Roxbury, August 3, 1855


Respected Sirs.—I have taken your very valuable, and I was about to say, inspired paper, from its earliest infancy to the present time, and am happy to say that I have ever found its editors to be honest, frank and bold, always speaking the truth fearlessly, however unpopular it might be, and prompt to correct all errors when discovered, whether made carelessly or otherwise, and also ready to chastise where chastisement is deserved. But now there seems to be one exception; perhaps I am mistaken, however; I will submit, if found to be so.

You doubtless recollect of publishing an account of a very wonderful invention—a talking and thinking machine, about which I have heard nothing since. You will find it in a March number of your paper. I consider it a grand farce, and I, with many more readers of the TELEGRAPH, wish for some light upon the subject, either in confirming and explaining, or repudiating and chastising. The truth ought to be known, and where shall we go for an explanation on this point but to the TELEGRAPH.

Please give us your mind, if no more, and oblige your waiting servants.

Yours in the bonds of love,

CONCLUDING REMARKS.—The Editor has never questioned LIBIA, the author of the article under review, respecting his purpose, for the reason that no doubts were entertained as to the writer’s intention. That J. M. K. and others may be set right on this subject, it should be observed that Sir M. Faraday, some time anterior to the date of the alleged experiments before the Royal Society, had, by a simple mechanical contrivance, demonstrated—the opposers of Spiritualism were foolish enough to believe—that the Spiritual phenomena of this country are properly referable to “muscular pressure.” Many said, “Ah, yes, we knew that Spirits had nothing to do with the manifestations; we told you that the cause would be discovered.” But there were, at the same time, writing, speaking, and a variety of other media in this country, and we were quite too short-sighted to perceive how these were all moved by the philosopher’s machine, or operated by “muscular pressure.” Nevertheless, the philosopher himself, aided by the aforesaid machine—after a somewhat labored course of experiment—succeeded in accomplishing precisely what every kitchen-maid in this country does every day—he moved a table by the use of his muscles! When this astounding event was formally made known to the two continents, it came to pass that those who had been accustomed, from their youth up, to worship scientific masters and to despise the truth, said: “It is even so; as we expected, the secret is out, and science has explained the mystery.”

Under the circumstances already named, we could not but regard the article by LIBIA as an ingenious piece of irony, and, as a capital take off, we published it for the amusement of our readers.
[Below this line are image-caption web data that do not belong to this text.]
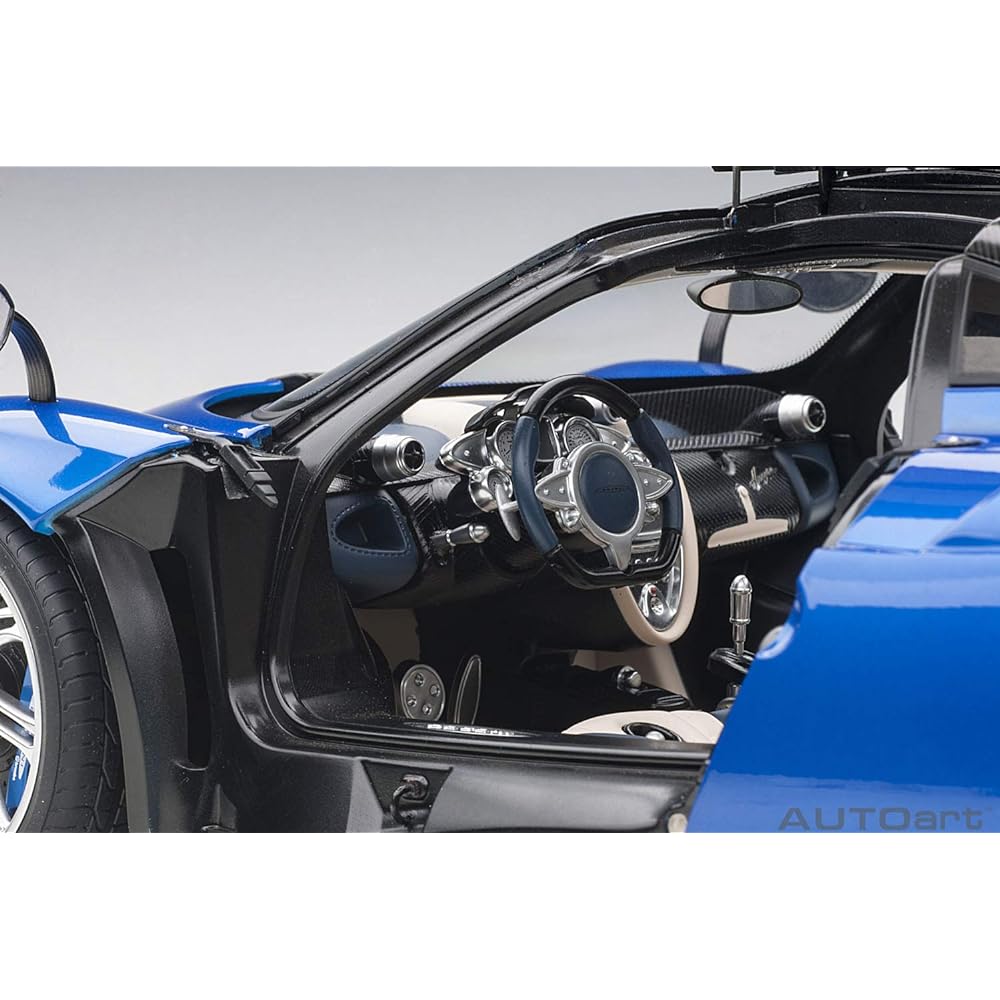 AUTOart 1/12 Pagani Huayra Metallic Blue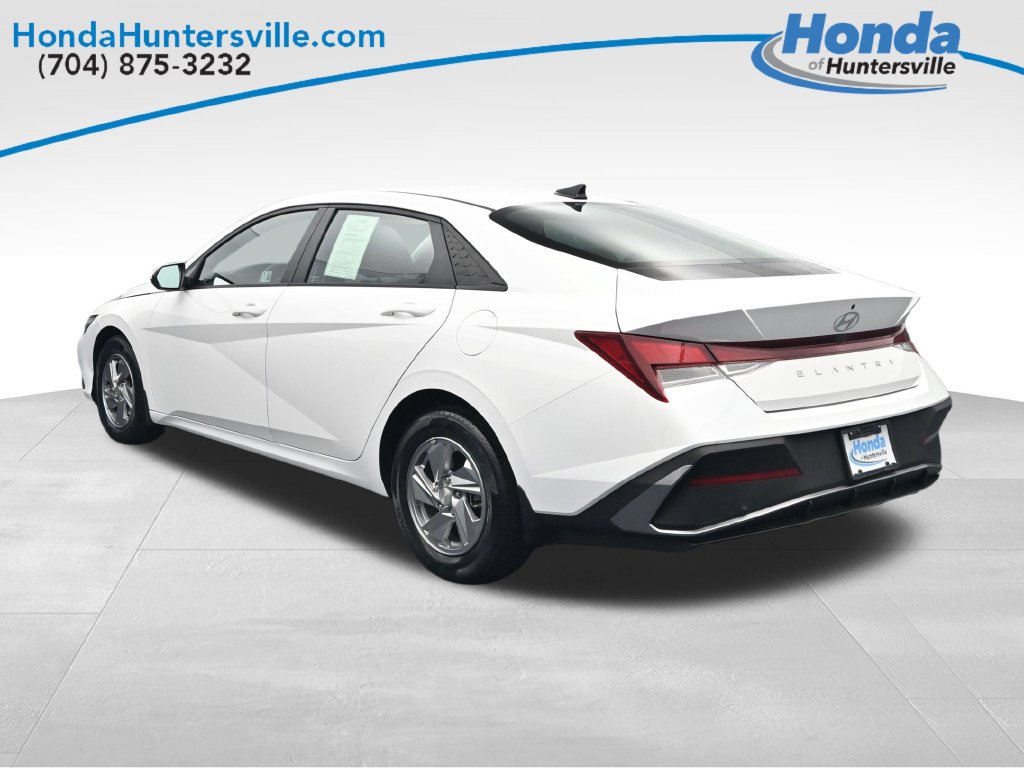 Used 2024 Hyundai Elantra SE FWD image 6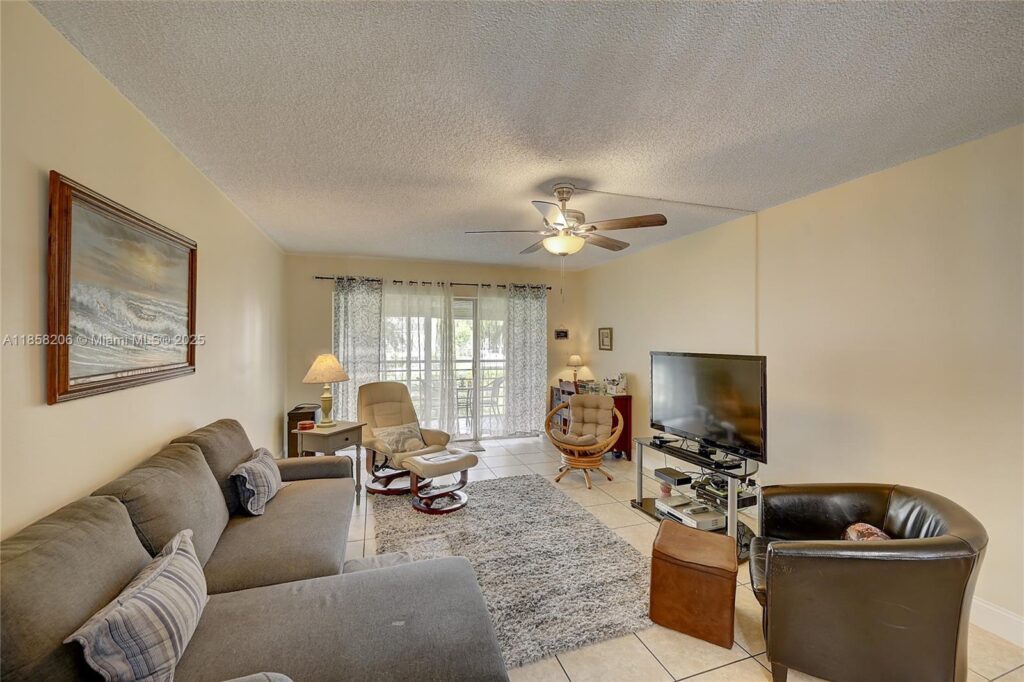 3186 Via Poinciana # 203, Lake Worth FL 33467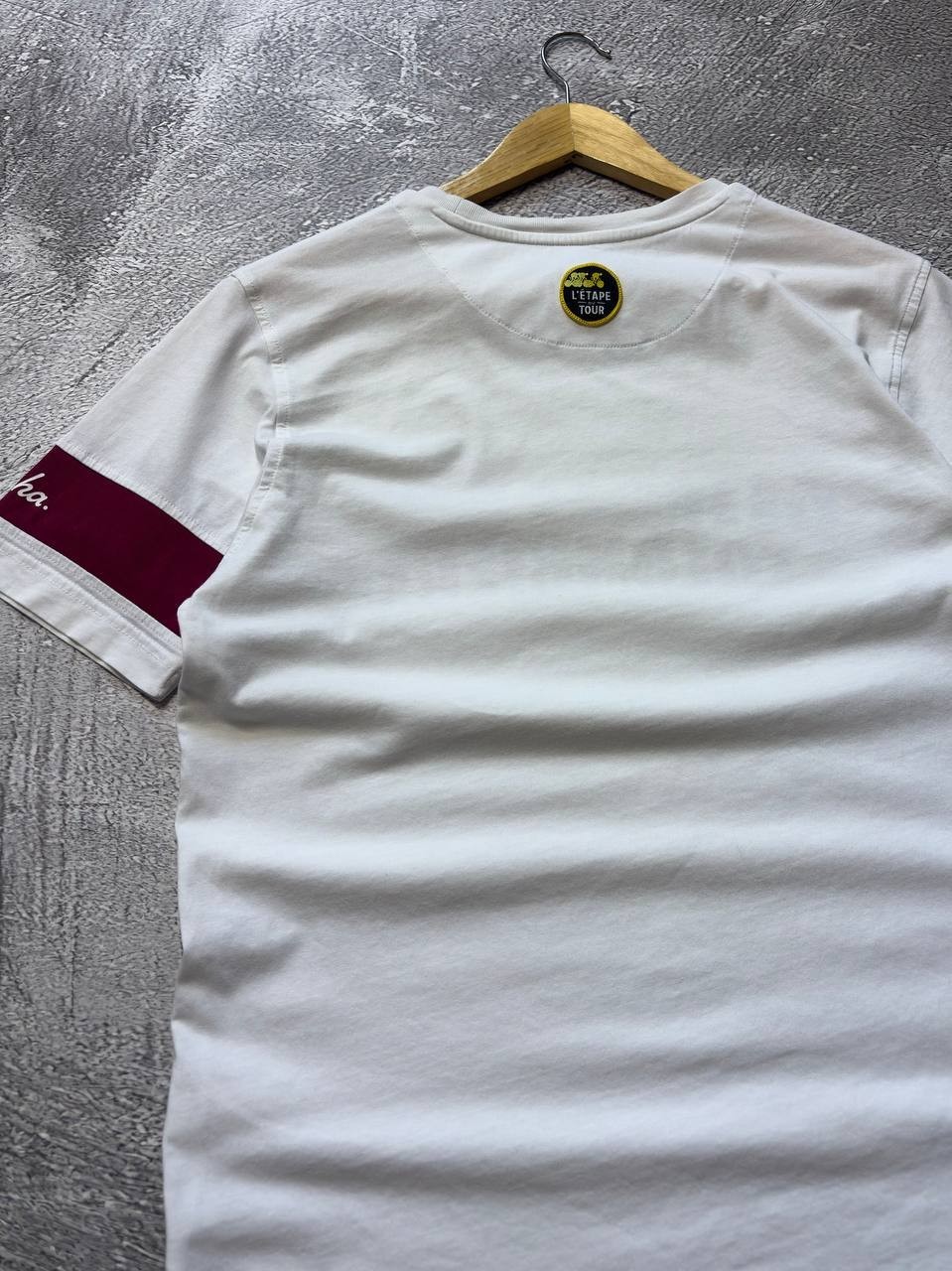 Rapha L’Etape du Tour Cycling T-Shirt White Burgundy Size L Glieres Colombiere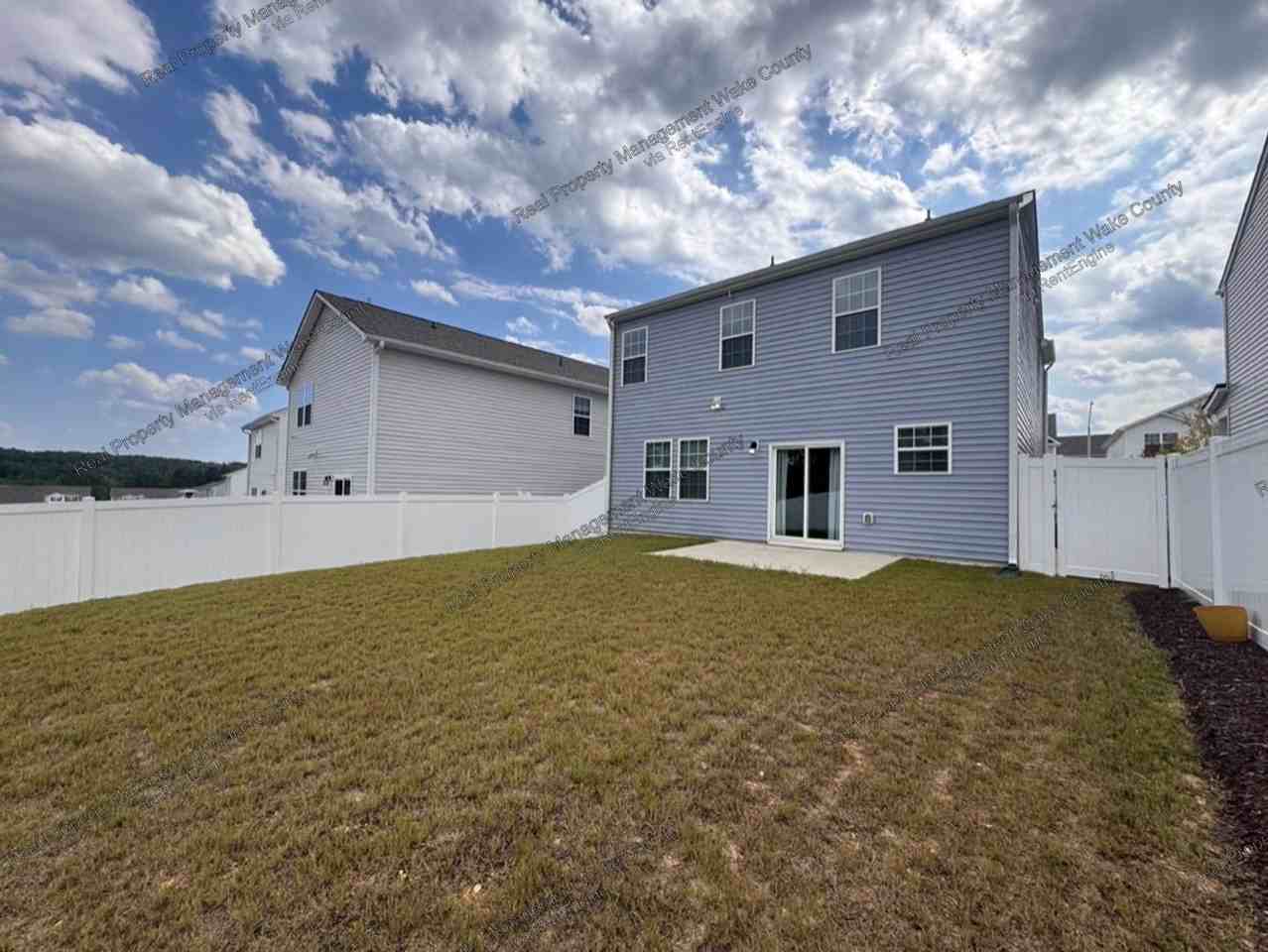 131 River Bank Rd - Photo 5 of 29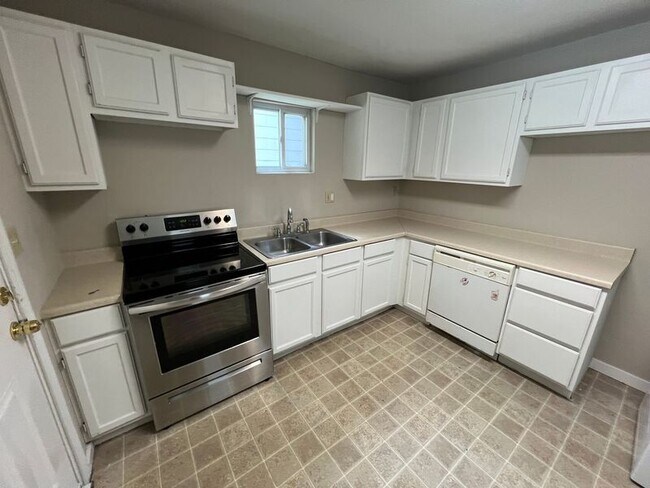 Foto del edificio - 7114 Flora Ave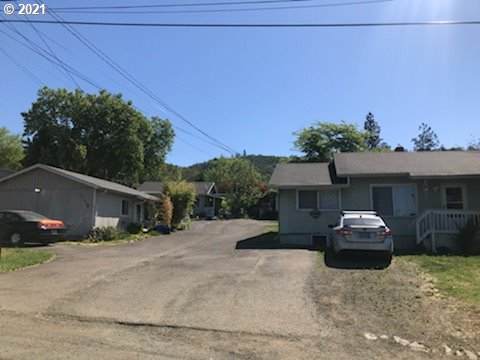 2257 Vine St - Photo 1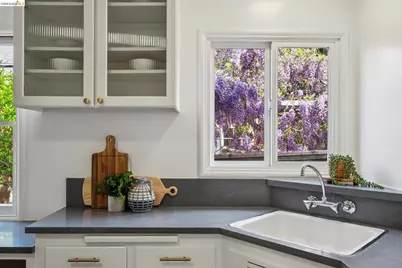 118 Ramona Ave, El Cerrito, CA 94530 - Photo 22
Moreover, in substituting wooden men or automatic figures for the clergy, the writer reflected with great severity on the cold, thoughtless, and mechanical character of the popular forms of religious worship, especially in the English Church. We have only to add that in giving place to that article, we trust we have done nothing to forfeit the respect and confidence of the esteemed correspondent whose letter has elicited this explanation.